Driving to my house when no one was there was the worst way to end my day.

Everett was off with Esme and Renée doing whatever it was that Everett had wanted to do today. Probably playing cops and robbers with a can of Lysol as his gun. This past week Esme and Renée had become best friends. They had tea and crumpets then knitted, while gossiping about the children and whatever atrocities that they were partaking in these days. Or whatever else it is that moms do when they get older.

A week ago, I had no intention of actually going through with the advice from Esme about actually speaking to Bella: telling her of our life, my love for her, and the home that we'd built.

My confession in the church did a little bit of help, for me, at least. I'd bargained with myself to give it another week to see if she showed any signs of improvement,to see if God really did hear my prayer. Apparently, he's a busy dude. I still haven't heard anything from him.

Upon leaving Bella tonight, I decided that when I got home this evening, I'd find our family photo album. The album starts with our first date and ends with Everett's 6th birthday in July.

Esme, I hope you're right.

The drive home and my entrance into my house was all on autopilot, and I didn't notice anything until I had dropped my bag and keys on the corner table. The wooden table had more dings and dents from my keys than my workbench out in the garage. It had one mismatched leg because Bella and I couldn't make it to the bedroom one night. Despite all the fallacies in its exterior, I loved it still. It was my grandmother's, from our old house in Chicago. I'd had it fixed, refinished and polished, so it would be the best looking it could possibly be.

Hmm, a lot like life. Who knew that you would find stuff out about yourself from a table?

My stomach grumbled, telling me that it needed sustenance. So, first things first, I wanted to pop in a mini pizza from the fridge and feed my fatigued body.

While I waited for the pizza to warm up, I searched for our family album. Bella took meticulous care of our photos. She was always doing some sort of crafting that I think she called 'scrapbooking.' I never paid attention because it just never seemed important. Now, I struggled to recall anything that she'd said,to hear it in that sweet timbre of her voice. I'd even settle for her calling me an asshole again.

The timer dinged on the toaster oven and I slumped my way over to it, and burned my finger on the hot rack that supported my college-like prepared dinner.

One paper plate, and three-hundred and forty-six channels later, I clicked on the Florida-Georgia basketball game.
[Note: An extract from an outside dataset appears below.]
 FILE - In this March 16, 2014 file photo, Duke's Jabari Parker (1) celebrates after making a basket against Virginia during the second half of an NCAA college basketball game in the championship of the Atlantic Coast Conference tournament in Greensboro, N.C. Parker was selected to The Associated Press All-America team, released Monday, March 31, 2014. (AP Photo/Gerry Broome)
After I inhaled my pizza and decided that Gator Basketball would demolish the Dawgs, I flipped off the TV and grabbed the blue cloth-covered, hand-embroidered book that housed the recorded version of our life.
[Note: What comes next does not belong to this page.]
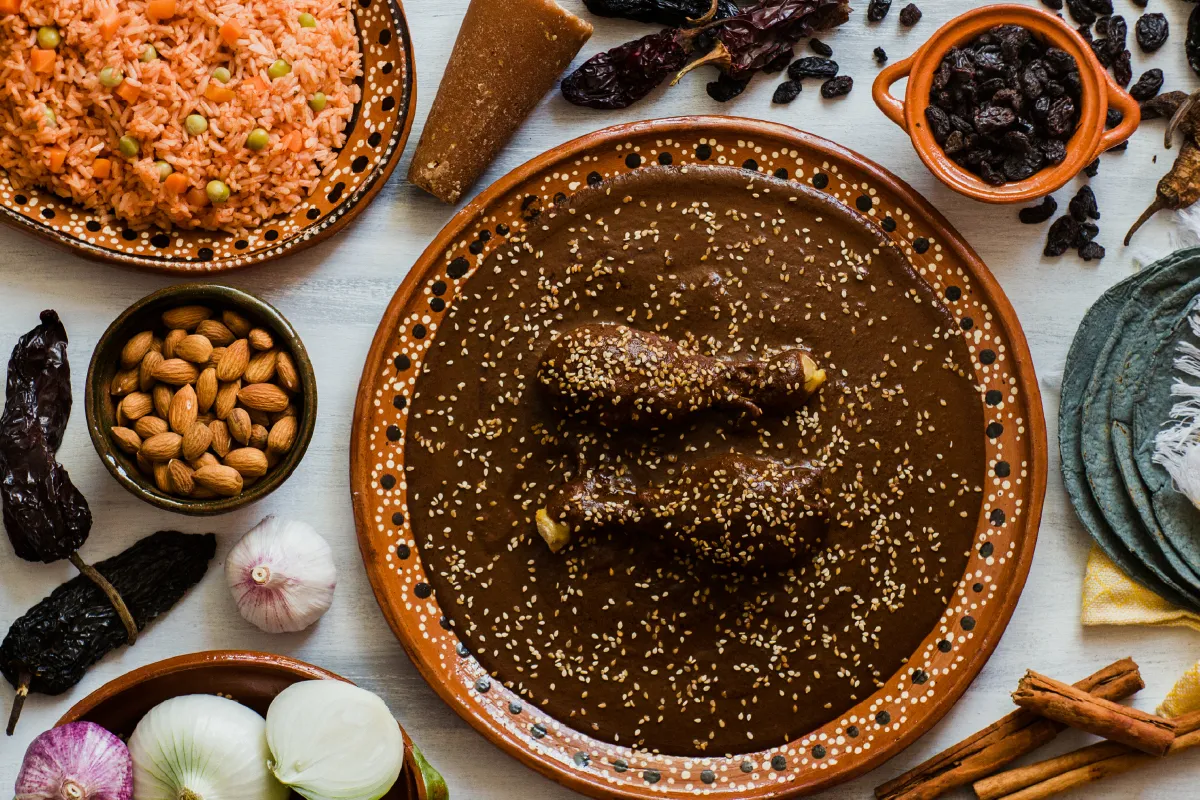 Traditional Mexican mole dish with chicken, surrounded by rice, almonds, garlic, onions, dried chiles, and cinnamon on a rustic table.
I stared at it for a while, debating with myself as to if I can open it and see her smiles: the happy, genuine one, her posed smile, and her adoring-loving smile that she sends my way when I look at our family photo above the mantle or play with our son. There's a smile that says 'come rescue me' that she usually uses with the PTA parvenus or with my Uncle Bruce when he's talking about his fish-farming business. A smile that she uses when she's pissed but is trying to hide it, that's the one that Ev usually bears the brunt of, because I had just done something to piss her off.

To see this much of her, I needed a little courage. I whipped out my stash of Wild Turkey along with a low-ball glass, unscrewed the lid, and poured myself two fingers. I downed it and poured another two.

Letting the bit of Kentucky love do it's magic, I reached over to grab the book.

I opened it, and was completely accosted with her smell. How did it get in here? How did it stay? That beautifully wonderful aroma that had my heart beating frantically, and that reminded me that she is real and not a figment of my imagination.

Pushing down the threat of tears, I tucked the album under my arm, grabbed my glass, and walked over to the baby grand that I also had taken from my mother's house.

I stroked the wooden cover lovingly, recalling my first lesson on it. I couldn't help but grin at the memory. Mrs. Drennan was such a bitch, always making me practice for hours on end.

"Edward, did you not practice this week? You know that you must spend ninety minutes a day practicing if you wish to improve," she wagged her acrylic fingernail at me with the other hand firmly planted on her hip.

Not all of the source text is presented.